If the mention of garden clubs makes you think of leisured ladies in white gloves who discuss flower arranging while drinking tea from a silver service, think again. Think of Dublin Lake rescued from pollution and invasive plants by members of the Dublin (NH) Garden Club. Or the mountain nature trails designed by the Modadnock (NH) Garden Club. Or the closure of a burning dump masterminded by the Cumberland (ME) Garden Club.

Albeit, silver tea services still exist. And some clubs still ask members to wear white gloves for special occasions. It can also be said without exaggeration that flower arranging remains a popular topic in every garden club in New England. Yet the style of garden clubs is changing.

Diana Lawrence, who started a garden club in Grafton, Vermont last year, says “Banish the notion of an elite, upper-class social club. Today’s modern garden clubs are democratic and embrace both novice gardeners and the community. A garden club can be a simple affair, with a handful of the faithful getting together informally around a kitchen table or at a local library to discuss a pre-selected topic, swap plants, or help tend a school garden. Or it can be formal – a stalwart civic contributor devoted to conservation and affiliated with a national garden club organization.”

In essence, though, whatever the type of club, it is all about “the lure of gardening,” says Lawrence. “The endless variety of techniques, plants, problems, opportunities, and experiences.

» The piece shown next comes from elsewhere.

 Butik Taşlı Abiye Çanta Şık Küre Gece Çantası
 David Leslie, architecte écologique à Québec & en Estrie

There’s always another aspect of gardening waiting to be unearthed. That’s where garden clubs come in.”

Judy Quattrochi, president of the Wilton (CT) Garden club says that, “education is really what draws people to garden clubs. Not the simplistic sit-down-and-teach-me kind of thing, but education in the form of communication. You get together with people who have similar interests and you share experiences.”

“I joined my first garden club in order to learn. And I continue to belong for the same reason,” says Dorothy Cannon, member of both the Dublin (NH) and Grafton (VT) Garden Clubs. “You never stop. Garden clubs offer a fabulous education.”

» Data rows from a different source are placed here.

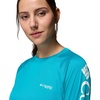 image:imageColumbia Womens Tidal Tee II Long Sleeve HoodieOcean TealWhite Logo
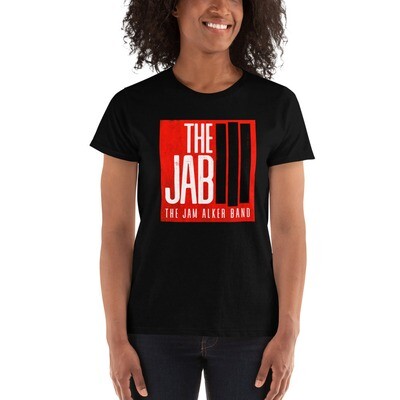 The JAB Red Logo. Women's Short Sleeve T-shirt. 3 Colors.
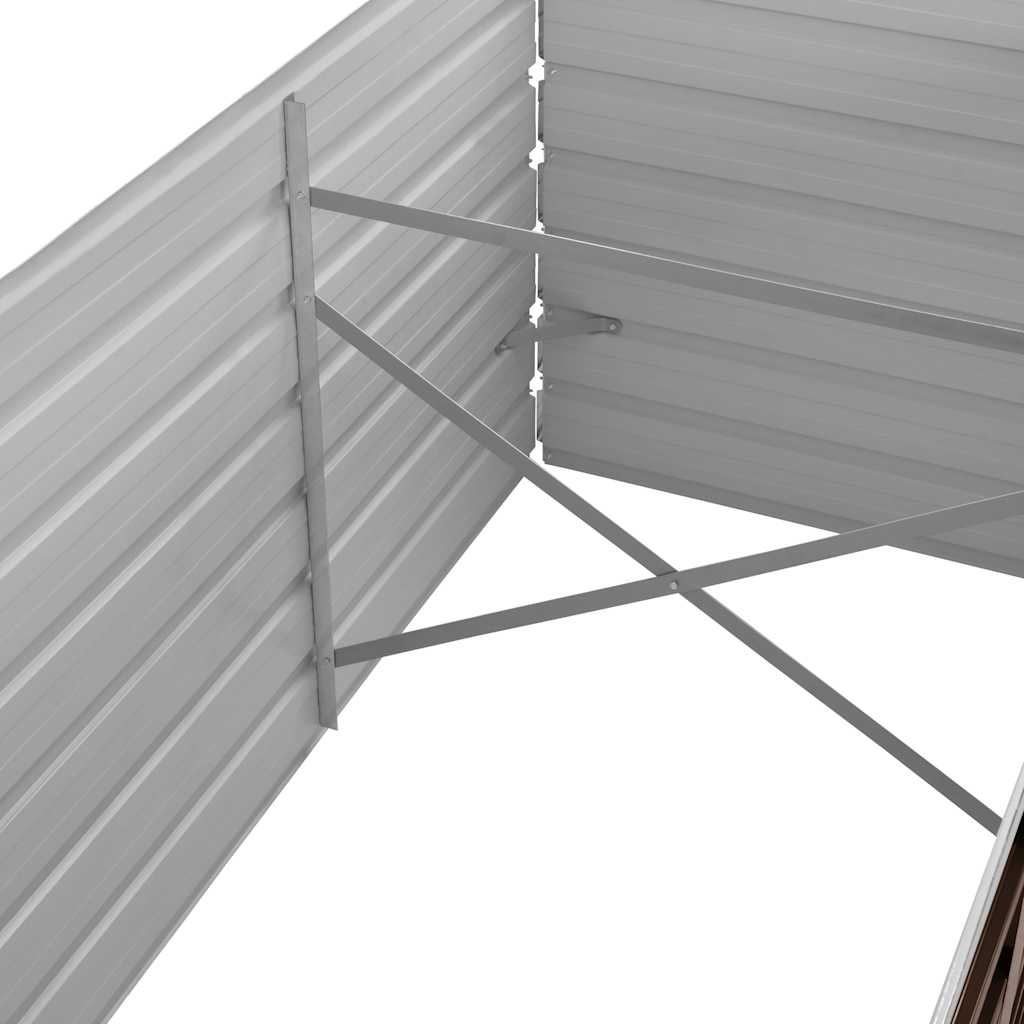 Arriate De Acero Galvanizado Marrón 320x80x77 Cm_5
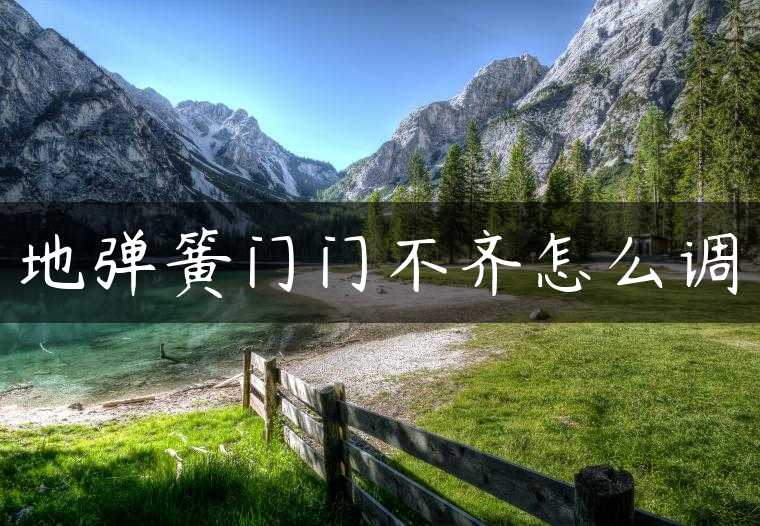 地弹簧门门不齐怎么调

The first garden club on record in America was founded by twelve friends in Mrs. E. K. Lumpkin’s parlor in Athens, Georgia in 1891. The members of the Ladies Garden Club revealed a hands-on interest that would appeal to today’s practical garden club members. At that first meeting, they discussed how to make cuttings.

Subsequent topics must have been as stimulating, because 120 years later the Ladies Garden Club of Athens, Georgia remains active. Its longevity is unsurprising to anyone who has belonged to a garden club. Once hooked, garden club members become unabashed boosters of their favorite form of getting together.

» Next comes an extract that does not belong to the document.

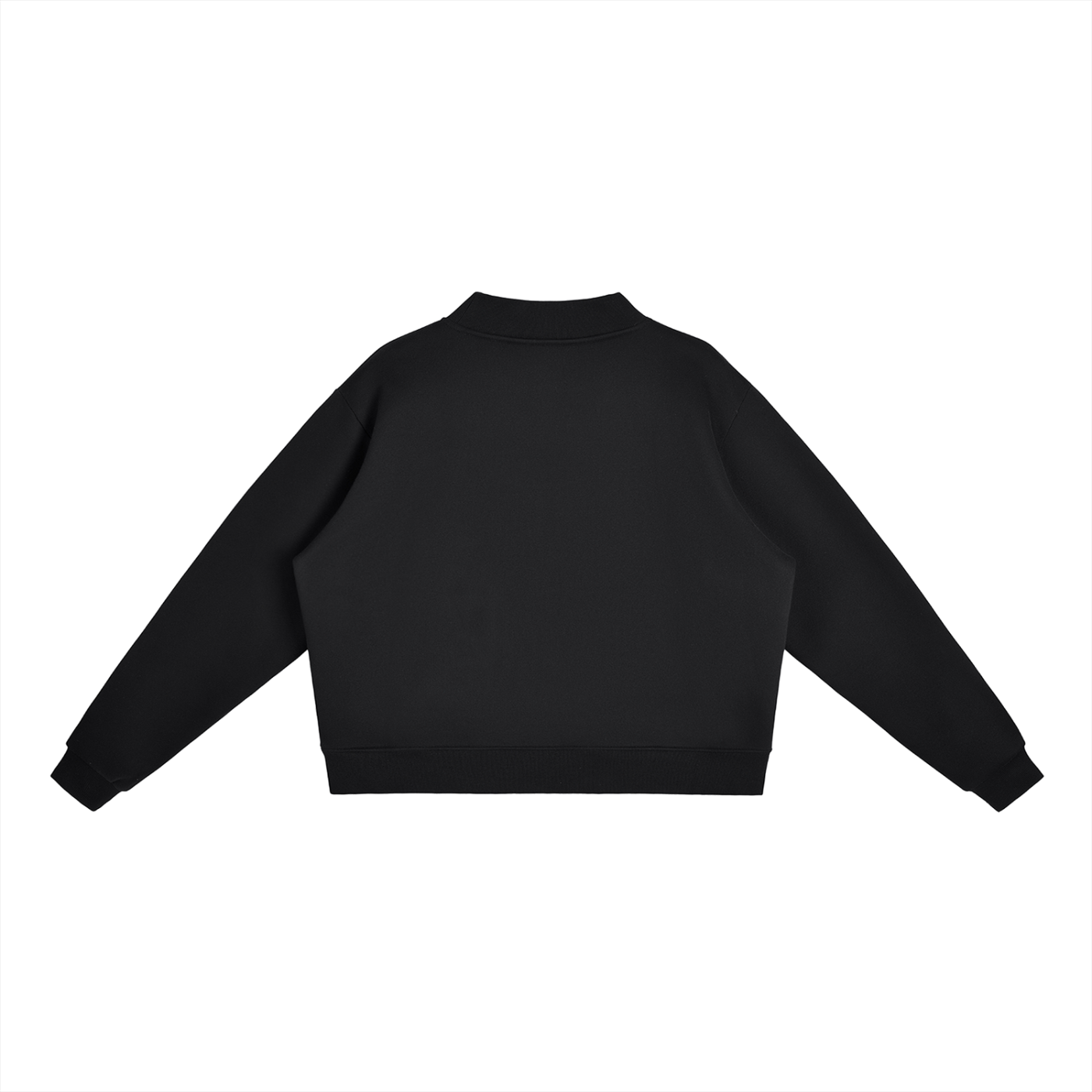Atelier Mock-Neck Fleece Crew Sweatshirt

“I have met the most intelligent, interesting, accomplished women of all ages in garden clubs,” says Judy Quattrochi. “If you spend an hour weeding a garden with them, you come away with such profound knowledge about life. They are optimistic people. And they know how to get things done.”

Most garden clubs meet monthly about ten times a year, although summer-only and winter-only clubs also abound. Members pay annual dues ranging from $5 to $25 depending on the club. Meetings typically consist of a review of club business, followed by a speaker or hands-on demonstration. Some are able to pay for renowned national and international speakers. Others rely on volunteer speakers.

Whatever the situation, the goal is to meet everyone’s interests, from container gardening to preserving snowy owl habitat.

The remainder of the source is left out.